%%

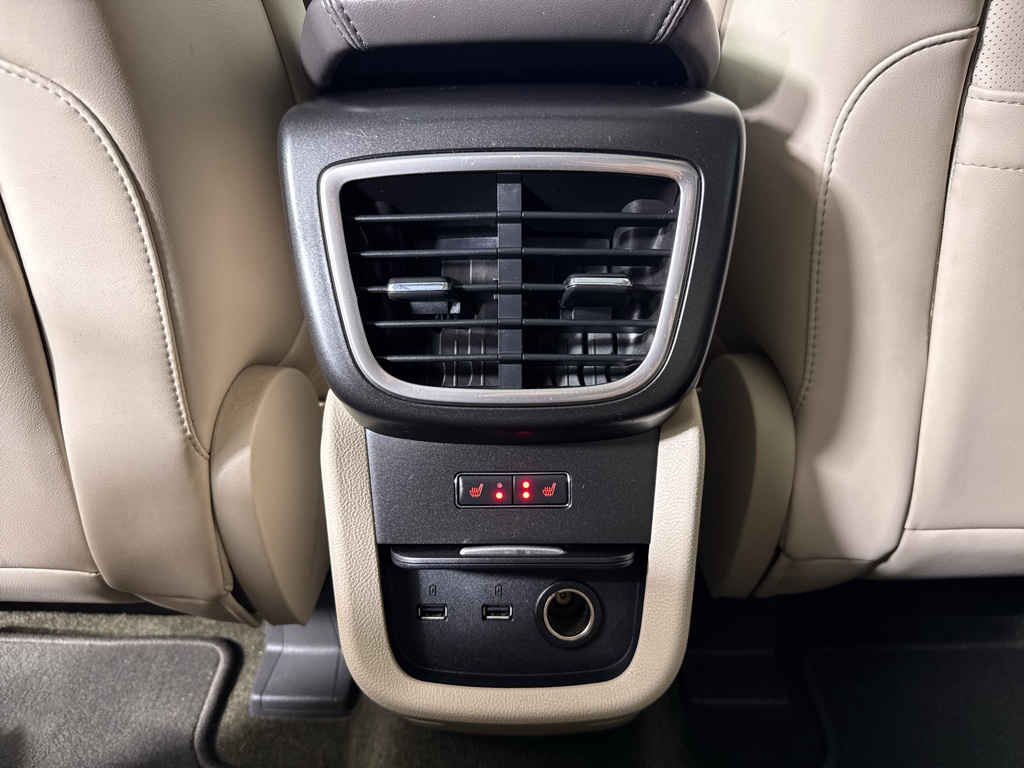 Used 2018 Ivory Pearl Metallic Tri-Coat Lincoln Reserve image 22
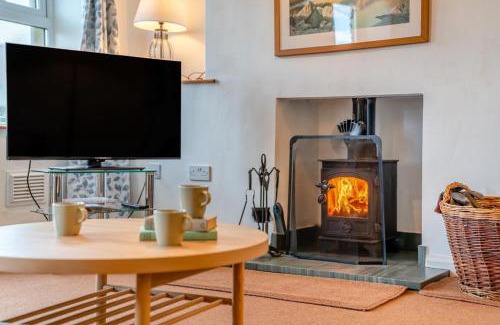 Hawes House | High House
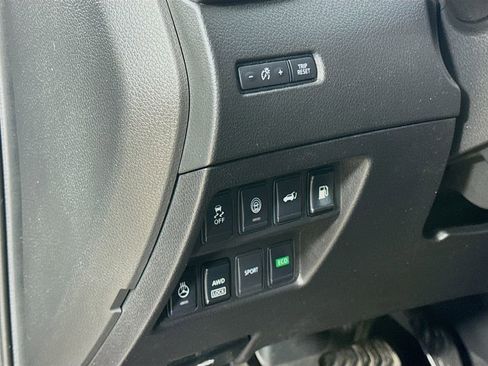 Used 2018 Nissan Rogue SL w/ Premium Package image 12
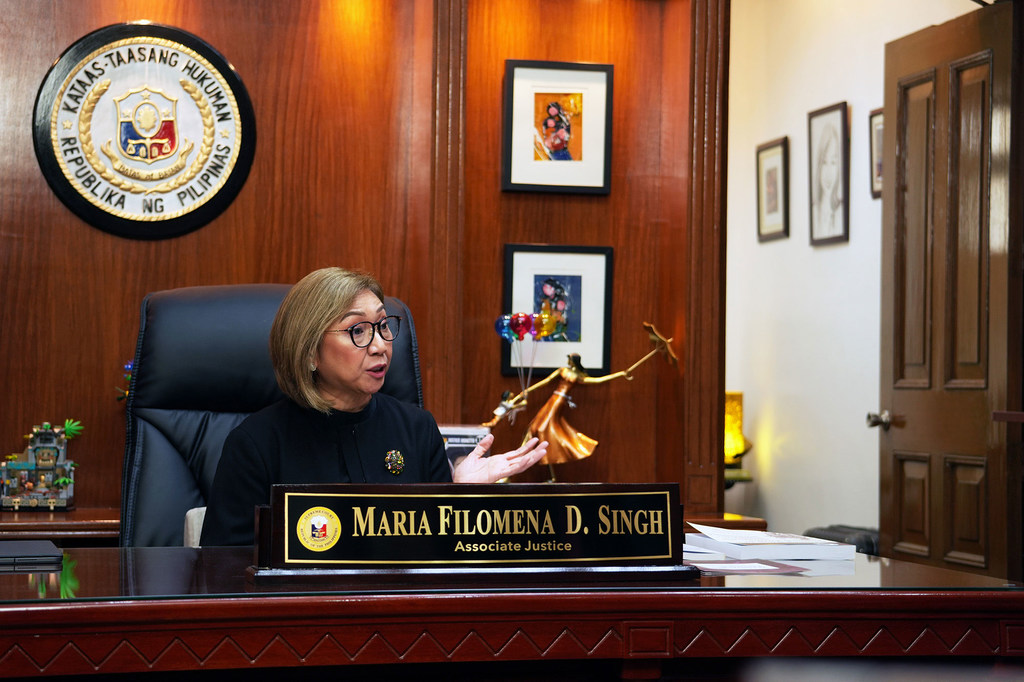 La juge Maria Filomena Singh dans son bureau à la Cour suprême des Philippines. 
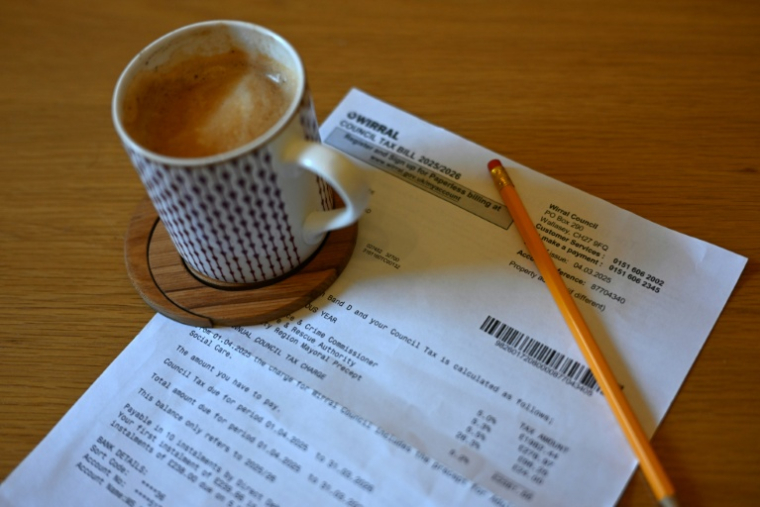 Une taxe d'habitation 2025/26 sur une table à Liverpool, en Angleterre, le 23 novembre 2025 ( AFP / Paul ELLIS )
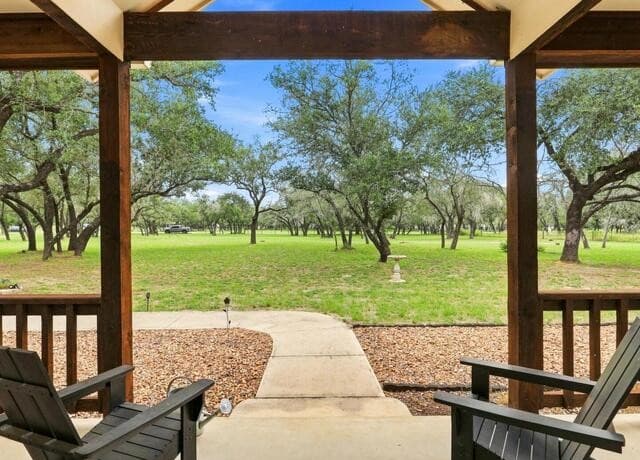 316  Governors Dr, Floresville, TX 78114 — photo 3
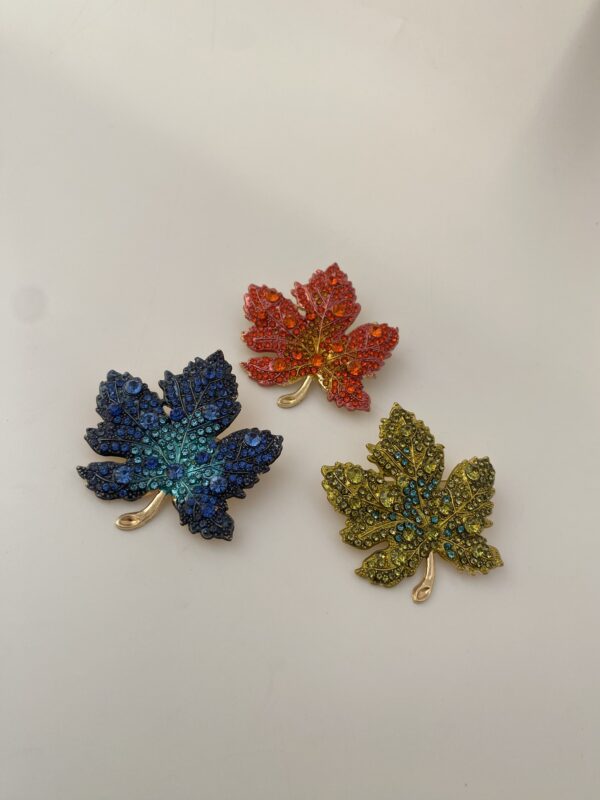 MAPPLE GREEN BROOCH - Image 2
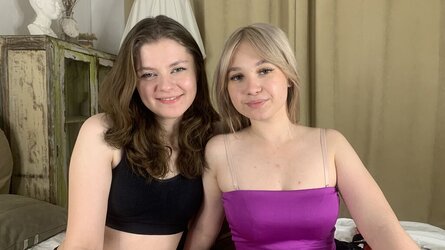 Starte eine Liveshow mit BonnieAndDaisy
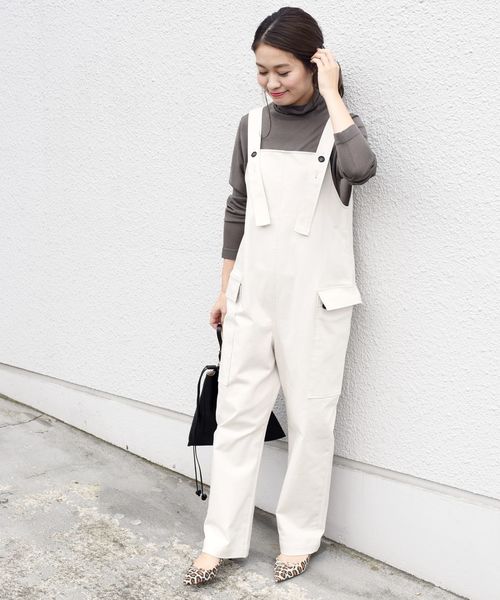 SHIPS（シップス）の「サイドポケットサロペット◇（サロペット/オーバーオール・レディース・ブラック/カーキ/ナチュラル・ONE SIZE）」の2枚目の写真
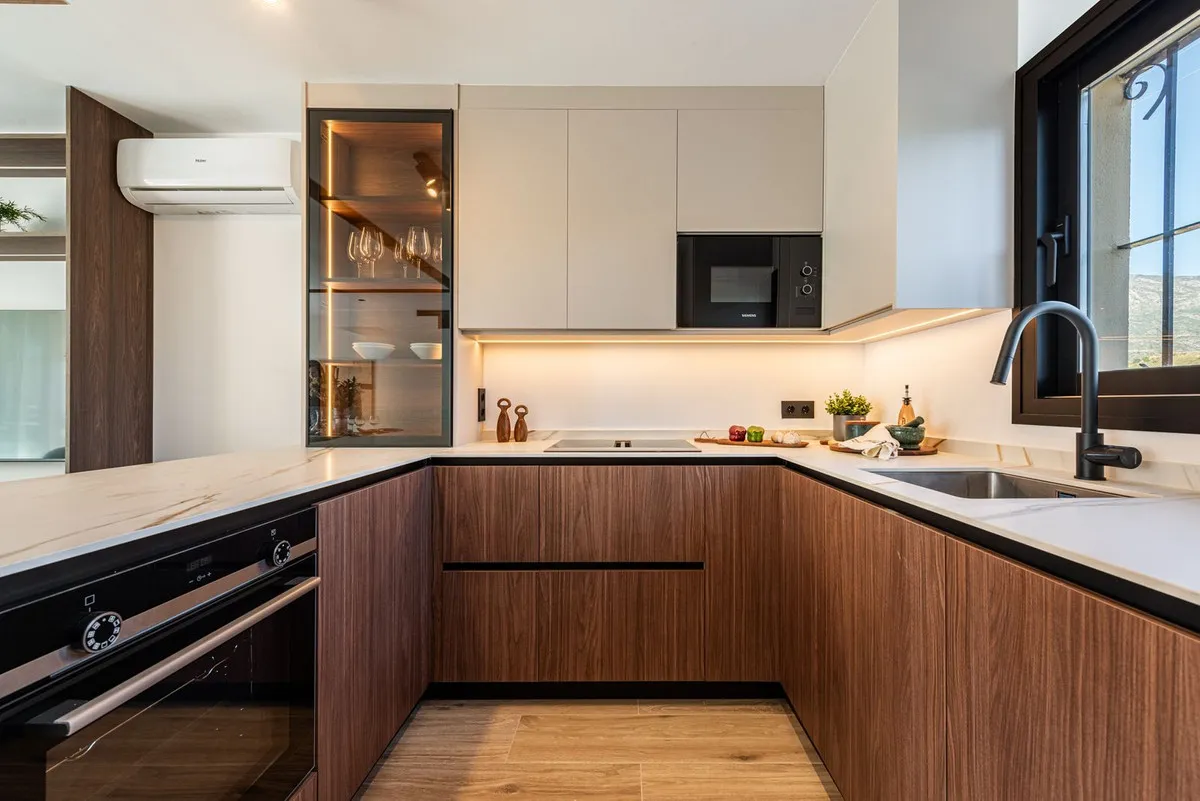 ed284b6d-5a47-4b1d-b03a-a4bdd4c465c0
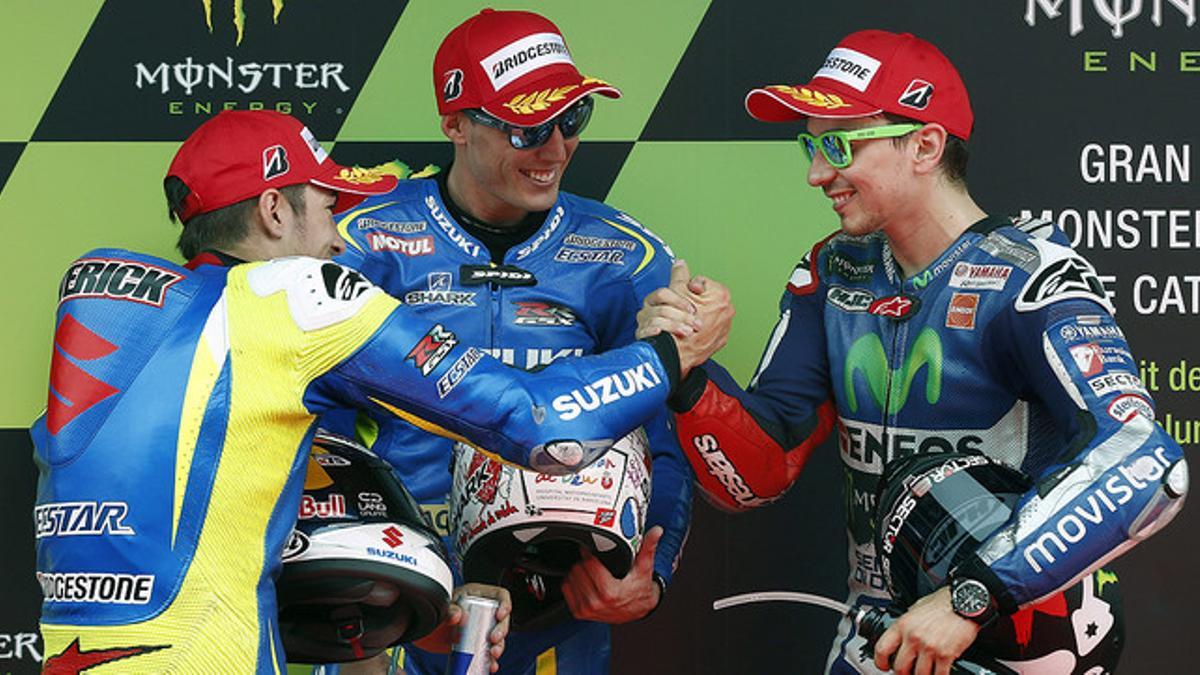 Aleix Espargaró (centro) celebra junto a su compañero de equipo Maverick Viñales (izquierda) y Jorge Lorenzo la 'pole' del GP de Catalunya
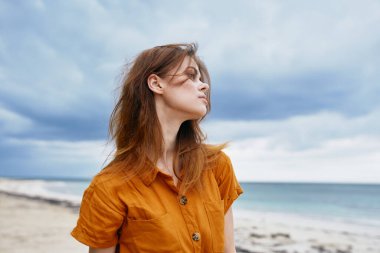 Denizde güzel bir kadın, güneşli bir manzarayla... 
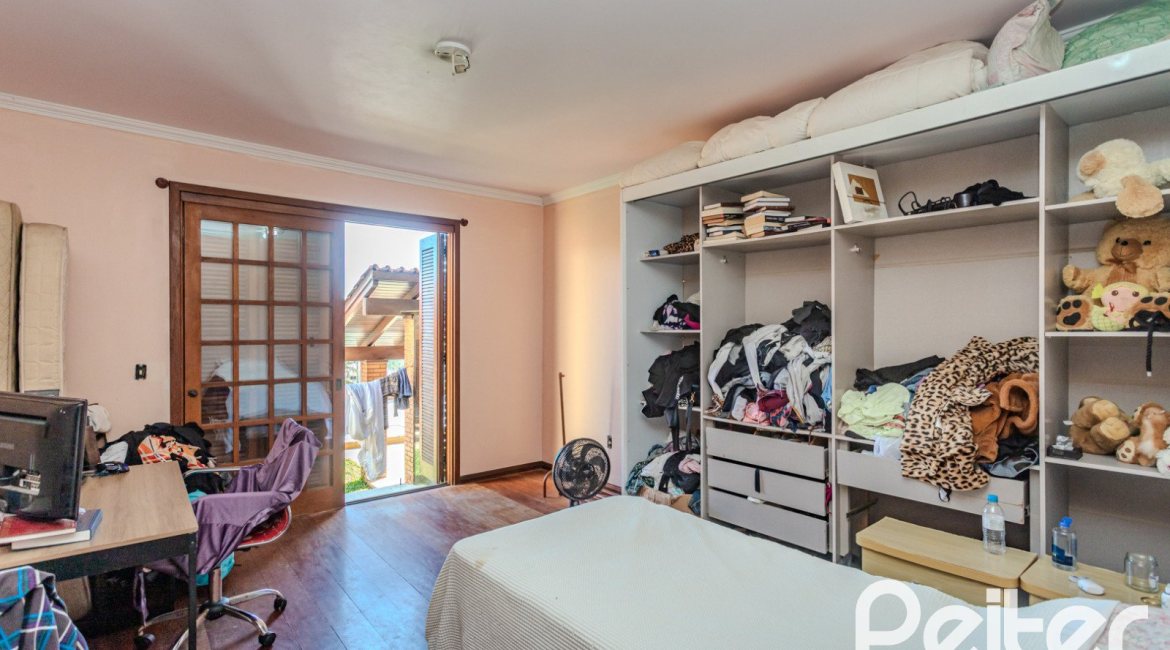 Casa à venda com 302m², 3 dormitórios, 1 suíte, 2 vagas, no bairro Espírito Santo em Porto Alegre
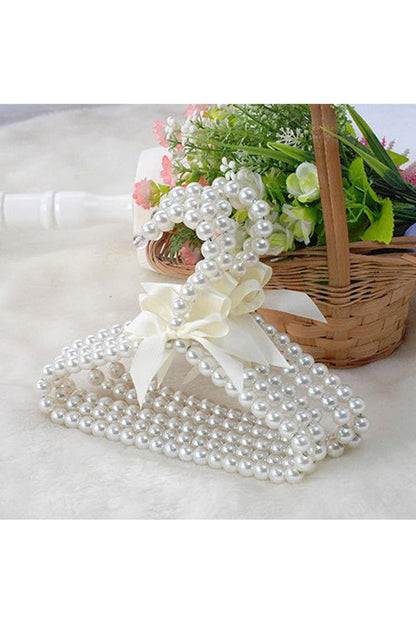 Pearl clothes hanger | Bowlift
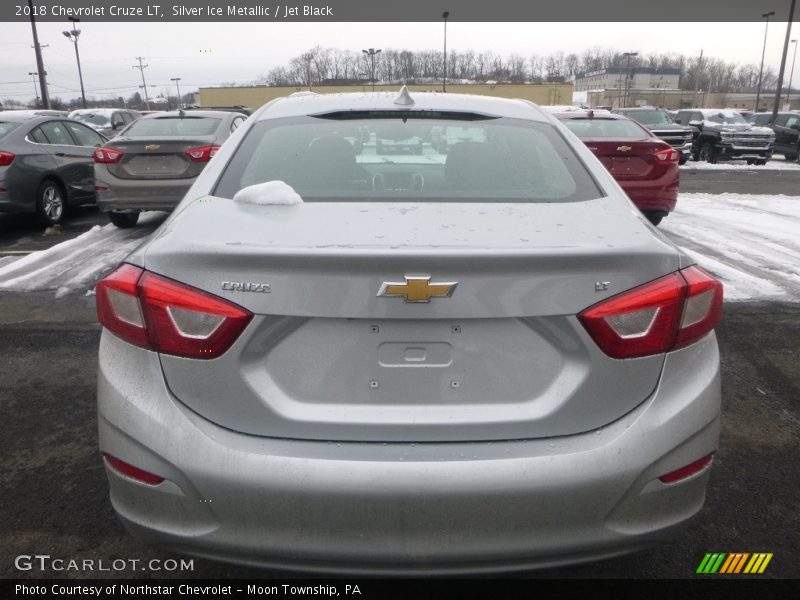 Silver Ice Metallic / Jet Black 2018 Chevrolet Cruze LT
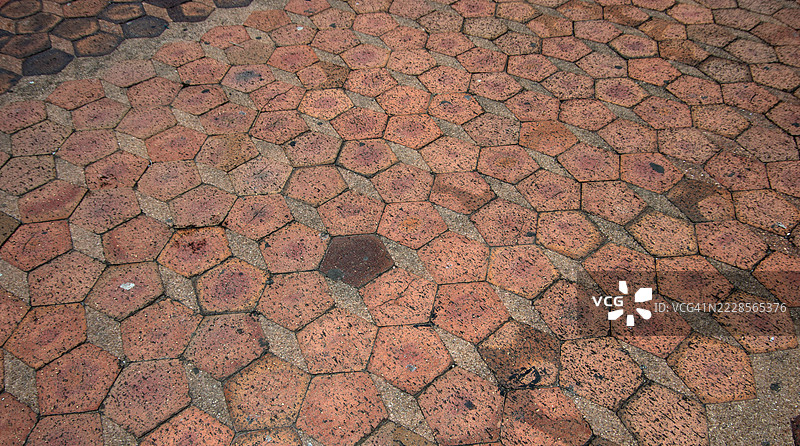 由五边形和菱形灰色与红色铺砖组成的表面图片素材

%%

• **ACTION ITEM**
Copy the entries above exactly, but only the stretch from the line containing "78114 — photo 3" through the line containing "ed284b6d-5a47-4b1d-b03a-a4bdd4c465c0". Keep both end lines; drop the pictures.

• **ANSWER BOX**
 316  Governors Dr, Floresville, TX 78114 — photo 3
 MAPPLE GREEN BROOCH - Image 2
 Starte eine Liveshow mit BonnieAndDaisy
 SHIPS（シップス）の「サイドポケットサロペット◇（サロペット/オーバーオール・レディース・ブラック/カーキ/ナチュラル・ONE SIZE）」の2枚目の写真
 ed284b6d-5a47-4b1d-b03a-a4bdd4c465c0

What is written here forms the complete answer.